Please retype the material beneath this task exactly, starting with its first line and finishing with the line containing "Toyota Corolla Cross 2024 car image".

> [Data supplied]:
····················

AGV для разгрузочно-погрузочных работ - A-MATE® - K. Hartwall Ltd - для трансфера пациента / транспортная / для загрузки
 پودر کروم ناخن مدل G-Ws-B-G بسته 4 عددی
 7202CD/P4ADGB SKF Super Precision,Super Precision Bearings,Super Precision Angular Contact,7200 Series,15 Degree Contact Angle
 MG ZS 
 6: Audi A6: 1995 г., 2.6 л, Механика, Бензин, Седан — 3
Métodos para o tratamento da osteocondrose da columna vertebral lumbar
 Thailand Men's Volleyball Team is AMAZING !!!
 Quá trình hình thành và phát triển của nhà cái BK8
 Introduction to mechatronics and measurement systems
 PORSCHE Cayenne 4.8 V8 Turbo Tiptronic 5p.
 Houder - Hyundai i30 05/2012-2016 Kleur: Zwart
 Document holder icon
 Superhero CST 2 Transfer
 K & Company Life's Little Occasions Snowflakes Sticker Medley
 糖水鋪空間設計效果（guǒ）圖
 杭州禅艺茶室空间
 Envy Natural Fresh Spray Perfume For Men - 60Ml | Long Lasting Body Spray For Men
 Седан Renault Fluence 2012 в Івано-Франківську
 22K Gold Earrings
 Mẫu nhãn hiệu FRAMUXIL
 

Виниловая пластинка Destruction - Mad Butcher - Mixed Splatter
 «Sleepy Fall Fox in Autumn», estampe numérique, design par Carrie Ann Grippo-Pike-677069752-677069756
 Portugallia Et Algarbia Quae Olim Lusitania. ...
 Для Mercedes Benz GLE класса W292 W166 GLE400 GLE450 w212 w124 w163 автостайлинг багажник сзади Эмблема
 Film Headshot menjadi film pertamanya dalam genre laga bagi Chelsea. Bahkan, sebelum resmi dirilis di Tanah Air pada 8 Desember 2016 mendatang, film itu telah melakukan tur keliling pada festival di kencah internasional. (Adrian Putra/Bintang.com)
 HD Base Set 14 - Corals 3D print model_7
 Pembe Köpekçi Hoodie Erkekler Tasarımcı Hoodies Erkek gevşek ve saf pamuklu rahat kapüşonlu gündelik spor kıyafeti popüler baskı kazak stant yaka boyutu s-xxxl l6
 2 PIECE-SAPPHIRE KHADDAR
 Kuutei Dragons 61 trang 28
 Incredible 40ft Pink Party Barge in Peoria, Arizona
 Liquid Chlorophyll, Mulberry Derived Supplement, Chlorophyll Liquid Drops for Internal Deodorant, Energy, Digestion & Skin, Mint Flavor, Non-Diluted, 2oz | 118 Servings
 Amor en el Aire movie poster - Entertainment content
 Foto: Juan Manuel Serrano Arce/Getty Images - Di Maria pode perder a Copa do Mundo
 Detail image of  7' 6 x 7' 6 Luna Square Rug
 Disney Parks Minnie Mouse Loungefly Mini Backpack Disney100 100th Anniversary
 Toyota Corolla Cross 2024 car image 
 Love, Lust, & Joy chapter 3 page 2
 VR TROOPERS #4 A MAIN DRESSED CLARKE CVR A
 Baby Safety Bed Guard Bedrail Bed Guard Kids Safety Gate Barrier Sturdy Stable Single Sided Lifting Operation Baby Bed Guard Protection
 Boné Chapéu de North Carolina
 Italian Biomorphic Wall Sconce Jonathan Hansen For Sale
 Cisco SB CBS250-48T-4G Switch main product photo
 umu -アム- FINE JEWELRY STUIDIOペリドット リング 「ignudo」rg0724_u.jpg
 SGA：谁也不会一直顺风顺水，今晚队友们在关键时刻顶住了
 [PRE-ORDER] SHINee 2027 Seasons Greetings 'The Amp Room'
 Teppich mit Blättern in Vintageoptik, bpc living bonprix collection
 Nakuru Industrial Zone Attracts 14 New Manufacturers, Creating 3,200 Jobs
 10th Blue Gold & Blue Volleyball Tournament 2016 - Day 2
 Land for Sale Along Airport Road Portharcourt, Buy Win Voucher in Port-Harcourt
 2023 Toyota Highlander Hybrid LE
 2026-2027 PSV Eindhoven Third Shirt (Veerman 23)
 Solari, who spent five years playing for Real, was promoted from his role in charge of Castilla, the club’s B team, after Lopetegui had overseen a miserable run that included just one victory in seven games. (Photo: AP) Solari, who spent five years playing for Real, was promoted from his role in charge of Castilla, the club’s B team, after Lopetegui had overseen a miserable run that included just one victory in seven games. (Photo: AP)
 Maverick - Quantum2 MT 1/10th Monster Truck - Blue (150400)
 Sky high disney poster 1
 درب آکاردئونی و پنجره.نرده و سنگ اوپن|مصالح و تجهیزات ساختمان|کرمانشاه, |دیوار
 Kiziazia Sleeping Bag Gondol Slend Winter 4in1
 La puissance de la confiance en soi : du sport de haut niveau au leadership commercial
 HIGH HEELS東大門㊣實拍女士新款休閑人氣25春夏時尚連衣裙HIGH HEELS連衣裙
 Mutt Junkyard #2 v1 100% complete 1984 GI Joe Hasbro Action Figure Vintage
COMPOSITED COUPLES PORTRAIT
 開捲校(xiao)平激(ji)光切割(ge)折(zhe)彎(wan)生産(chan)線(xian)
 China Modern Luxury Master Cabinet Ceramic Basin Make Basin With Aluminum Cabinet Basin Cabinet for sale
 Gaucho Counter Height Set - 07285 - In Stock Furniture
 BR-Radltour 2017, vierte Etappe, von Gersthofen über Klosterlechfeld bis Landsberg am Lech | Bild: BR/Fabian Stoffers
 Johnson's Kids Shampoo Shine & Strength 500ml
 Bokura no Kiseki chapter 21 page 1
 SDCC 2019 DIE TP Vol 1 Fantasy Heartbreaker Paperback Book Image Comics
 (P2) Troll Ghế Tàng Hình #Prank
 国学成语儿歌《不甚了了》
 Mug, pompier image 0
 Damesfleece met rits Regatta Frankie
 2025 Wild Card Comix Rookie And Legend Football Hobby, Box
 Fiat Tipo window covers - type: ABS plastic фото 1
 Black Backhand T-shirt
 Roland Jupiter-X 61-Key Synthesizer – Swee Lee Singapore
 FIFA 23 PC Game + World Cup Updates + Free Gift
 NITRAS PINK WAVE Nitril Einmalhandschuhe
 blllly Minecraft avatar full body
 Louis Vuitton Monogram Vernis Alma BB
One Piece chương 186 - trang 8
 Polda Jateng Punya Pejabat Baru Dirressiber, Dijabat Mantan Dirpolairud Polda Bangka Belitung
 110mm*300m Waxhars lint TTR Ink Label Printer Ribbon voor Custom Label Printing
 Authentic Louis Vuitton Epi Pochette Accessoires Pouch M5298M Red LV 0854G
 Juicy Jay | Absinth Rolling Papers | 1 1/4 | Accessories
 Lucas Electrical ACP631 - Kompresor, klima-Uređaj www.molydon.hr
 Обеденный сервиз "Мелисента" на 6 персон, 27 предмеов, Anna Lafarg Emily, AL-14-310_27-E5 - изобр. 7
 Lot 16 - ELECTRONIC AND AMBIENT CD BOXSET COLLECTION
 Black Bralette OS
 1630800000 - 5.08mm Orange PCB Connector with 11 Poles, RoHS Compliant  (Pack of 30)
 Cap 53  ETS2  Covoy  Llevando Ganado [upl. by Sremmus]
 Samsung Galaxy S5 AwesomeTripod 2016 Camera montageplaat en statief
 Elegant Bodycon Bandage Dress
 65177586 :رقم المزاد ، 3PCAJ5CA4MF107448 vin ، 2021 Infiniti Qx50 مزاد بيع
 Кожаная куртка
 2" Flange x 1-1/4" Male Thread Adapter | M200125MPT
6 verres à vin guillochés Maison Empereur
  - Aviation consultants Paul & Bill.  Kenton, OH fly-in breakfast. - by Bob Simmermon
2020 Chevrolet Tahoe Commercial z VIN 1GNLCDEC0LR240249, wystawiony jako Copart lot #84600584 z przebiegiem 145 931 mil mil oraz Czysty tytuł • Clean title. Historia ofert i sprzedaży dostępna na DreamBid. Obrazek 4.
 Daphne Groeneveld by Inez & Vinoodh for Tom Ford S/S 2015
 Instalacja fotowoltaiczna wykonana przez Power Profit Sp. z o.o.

····················

> [Response for this exercise]:
AGV для разгрузочно-погрузочных работ - A-MATE® - K. Hartwall Ltd - для трансфера пациента / транспортная / для загрузки
 پودر کروم ناخن مدل G-Ws-B-G بسته 4 عددی
 7202CD/P4ADGB SKF Super Precision,Super Precision Bearings,Super Precision Angular Contact,7200 Series,15 Degree Contact Angle
 MG ZS 
 6: Audi A6: 1995 г., 2.6 л, Механика, Бензин, Седан — 3
Métodos para o tratamento da osteocondrose da columna vertebral lumbar
 Thailand Men's Volleyball Team is AMAZING !!!
 Quá trình hình thành và phát triển của nhà cái BK8
 Introduction to mechatronics and measurement systems
 PORSCHE Cayenne 4.8 V8 Turbo Tiptronic 5p.
 Houder - Hyundai i30 05/2012-2016 Kleur: Zwart
 Document holder icon
 Superhero CST 2 Transfer
 K & Company Life's Little Occasions Snowflakes Sticker Medley
 糖水鋪空間設計效果（guǒ）圖
 杭州禅艺茶室空间
 Envy Natural Fresh Spray Perfume For Men - 60Ml | Long Lasting Body Spray For Men
 Седан Renault Fluence 2012 в Івано-Франківську
 22K Gold Earrings
 Mẫu nhãn hiệu FRAMUXIL
 

Виниловая пластинка Destruction - Mad Butcher - Mixed Splatter
 «Sleepy Fall Fox in Autumn», estampe numérique, design par Carrie Ann Grippo-Pike-677069752-677069756
 Portugallia Et Algarbia Quae Olim Lusitania. ...
 Для Mercedes Benz GLE класса W292 W166 GLE400 GLE450 w212 w124 w163 автостайлинг багажник сзади Эмблема
 Film Headshot menjadi film pertamanya dalam genre laga bagi Chelsea. Bahkan, sebelum resmi dirilis di Tanah Air pada 8 Desember 2016 mendatang, film itu telah melakukan tur keliling pada festival di kencah internasional. (Adrian Putra/Bintang.com)
 HD Base Set 14 - Corals 3D print model_7
 Pembe Köpekçi Hoodie Erkekler Tasarımcı Hoodies Erkek gevşek ve saf pamuklu rahat kapüşonlu gündelik spor kıyafeti popüler baskı kazak stant yaka boyutu s-xxxl l6
 2 PIECE-SAPPHIRE KHADDAR
 Kuutei Dragons 61 trang 28
 Incredible 40ft Pink Party Barge in Peoria, Arizona
 Liquid Chlorophyll, Mulberry Derived Supplement, Chlorophyll Liquid Drops for Internal Deodorant, Energy, Digestion & Skin, Mint Flavor, Non-Diluted, 2oz | 118 Servings
 Amor en el Aire movie poster - Entertainment content
 Foto: Juan Manuel Serrano Arce/Getty Images - Di Maria pode perder a Copa do Mundo
 Detail image of  7' 6 x 7' 6 Luna Square Rug
 Disney Parks Minnie Mouse Loungefly Mini Backpack Disney100 100th Anniversary
 Toyota Corolla Cross 2024 car image 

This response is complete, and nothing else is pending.